I know I’m bending the rules by putting a TV show on the blog, but Columbo is really a series of Movies, just TV Movies. Besides Spielberg directed a couple.

Anyway, I’m a Columbo fan. It’s a great way to while away a quiet afternoon watching the excellent, and sadly departed, Peter Falk trick another unsuspecting big shot into thinking he’s an idiot, when all the while he’s working the whole thing out. It’s structurally entertaining, shifting the drama to a battle of wits, by revealing the murderer’s identity in the first third, rather than following the traditional structure laid down by Agatha Christie, et al. It also contains some wonderful cameos, with each episode throwing us another Hollywood name who is either on their uppers, or just enjoyed the fun of the role.

What occurred to me the other day was the realization that it wasn’t just the show’s structure that made it different – it was its politics. Here is a mainstream American show that espouses a Marxist viewpoint (bear with me). Each episode of Columbo begins with a member of high society (the bourgeoisie) committing what they think is the perfect murder. The motive is invariably for financial gain, for the acquisition of capital. In walks Columbo, a classic member of the proletariat.
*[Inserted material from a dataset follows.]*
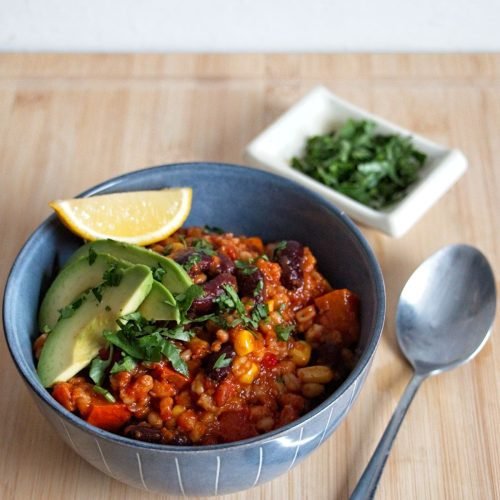 Bowl of Pumpkin Wheat Berry Chili topped with avocado and a lemon wedge, with herbs and a spoon on a wooden board.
He dresses badly, has a terrible car, and seems oblivious to the codes of behavior of ‘high society’. But through application of thought alone, and using his shabby status to expose the prejudices of the bourgeoisie (how could such a scruffy man possibly represent a threat?) he exposes the hollow, money grabbing elite for what they are. The show flips the assumptions of Capitalist society, that worth only comes through acquisition of capital, and shows how capitalist desire leads to an abandonment of moral principals. Columbo is above all a moral figure, loyal to his job, his wife and his dog. Set against this are the money grabbers, willing to kill anyone who comes in the way of their advancement.

PS. It’s also an example of the Daoist idea of the virtue of the small. Read the Te of Piglet by Benjamin Hoff for more of this.